"I have the simplest tastes. I am simply satisfied with the best." - Oscar Wilde

"I came, I saw, I ate." - Au Gourmand

Saturday, March 19, 2011

Tori Shin – March 12, 2011

Is cooking an art or an expertise? If it is the latter, then one can become better at it by practice and experience; however, if it is the former, then no amount of practice and experience will not be sufficient because an art requires a stroke of ingenuity, does it not?

Sometimes the line between art and expertise is blurry and art often encompasses expertise, which is natural since art is intrinsically a human act. One clear difference between art and expertise can be said that one can become an artist instantly, while one cannot be an expert without a certain passage of time. In Japanese, 芸術 (gei-jutsu) signifies art and 巧 (takumi) expertise. Gei, the first letter of the word, gei-jutsu, means a something that a person is able to do well and usually perform in front of an audience – e.g. dance, kabuki (one type of traditional Japanese theater), musical instruments – as in gei-sha (originally meaning a performer). Takumi, on the other hand, refers to a skillfulness that connotes a long time of hard study and practice. Alternatively, takumi can be written as (匠), which was used to mean a professional in the field of primarily carpentry, masonry and smithy. Since gei also requires an apprenticeship, it follows that all forms of “art” are “skills” in Japanese. Similarly, apprenticeships also existed in Europe – e.g. Da Vince apprenticed in the workshop of Verrocchio. Therefore, it is perhaps simply the word, “art” and the profession, “artist” that have been magnified and intensified, often out of proportion, by our relatively newly found liberation or consolidated rights in the last two hundred years: Casting off humility and perspective, art sometimes serves as a convenient excuse for debauchery and delusion.

While I can certainly envision cooking as an art, however, yakitori seems to be more a form of takumi.

The Ambassador Program lunch started with a pouring of Sakura Emaki (桜絵巻), a sweet and fruity spring sake, made of black rice.

Sasami Ume Shiso – Breast with preserved plum and shiso

The chef attempted to coax some life into the dry and tasteless breast meat by the use of salty and sour plum paste and aromatic Japanese herb, shiso; furthermore, as he did with all other skewers, he brushed it with konbu (a type of seaweed)-infused sake for additional flavor and also as a tenderizer. Thus worked over, while the meat became as moist as it could have been, the lack of flavor proved hard to mask.

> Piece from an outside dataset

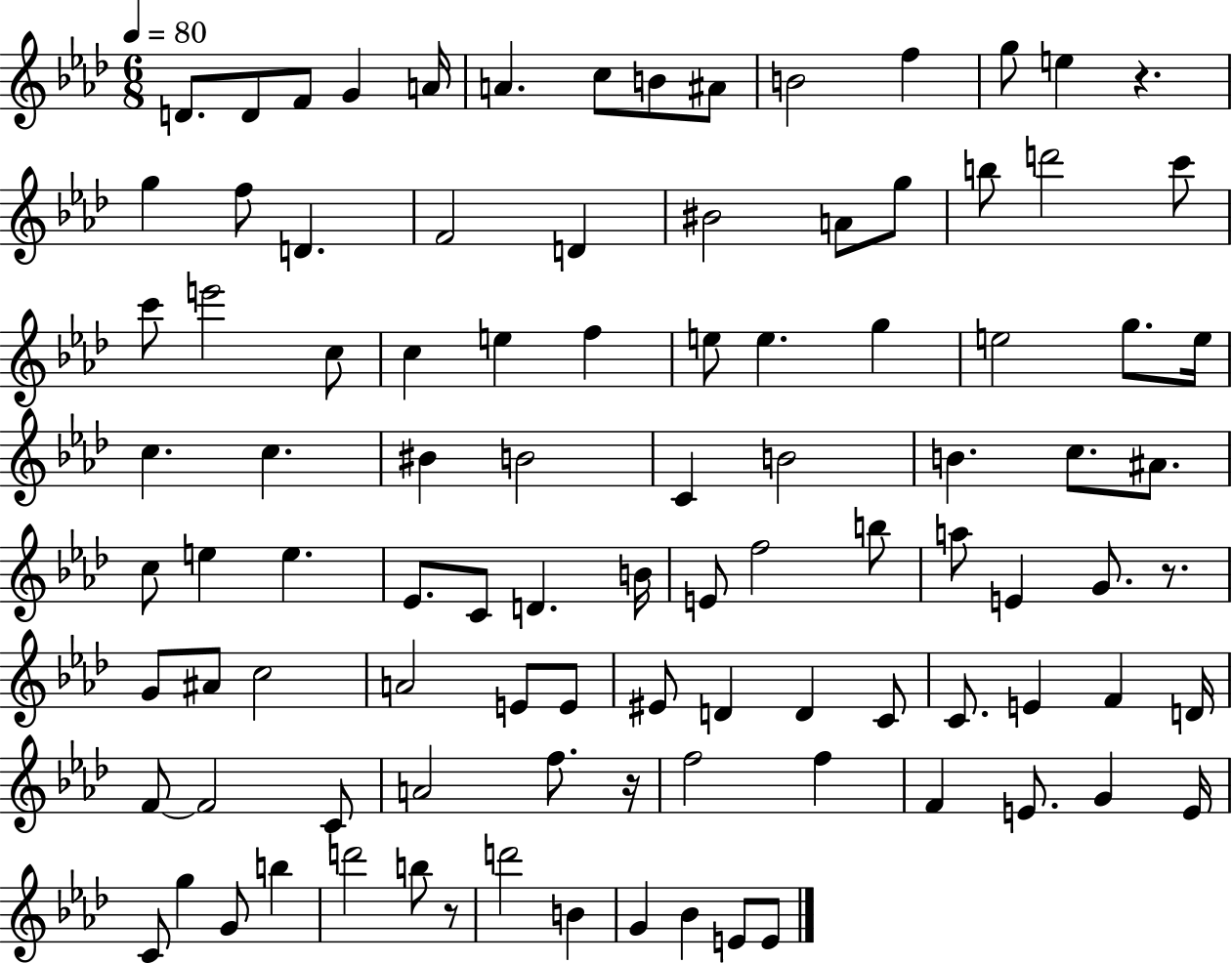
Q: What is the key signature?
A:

Tsukune – Chicken meat balls

Deviating from the conventional purist approach of tsukune, Tori Shin added minced onion and cartilage to the ground chicken: the onion provided sweetness and the cartilage a unique crunch. Dipped in sweet tare (soy sauce-based sauce with sugar and mirin) – you can choose to have your yakitori in shio (salt) or tare– and grilled over the charcoal, the firm little balls were delicious by themselves, but the sansho (Japanese pepper) and shichimi*(a mixture of Japanese spices) enhanced the flavors even more.
*Imported from Hara Ryo-Kaku (原了郭), a renowned shinise (literally, an old store) in Kyoto since 1703.

Bonchiri – Chicken butt

Yes, chicken has a butt – some people euphemistically refer to it as a “tail” – and it is just as fatty and desirable as the human butt. Tori Shin’s cut of chicken butt had a little more muscle to it – yes, hard to imagine but there is muscle (to wiggle the tail) under the fat, even under ours – so that their bonchiri was slightly chewier and more substantial than the usual fat-only version. One of my favorite parts of chicken was marred, regrettably, by profuse shake of the salt. I think there should be a stand-alone cooking theory class on moderation and restraint in all culinary schools.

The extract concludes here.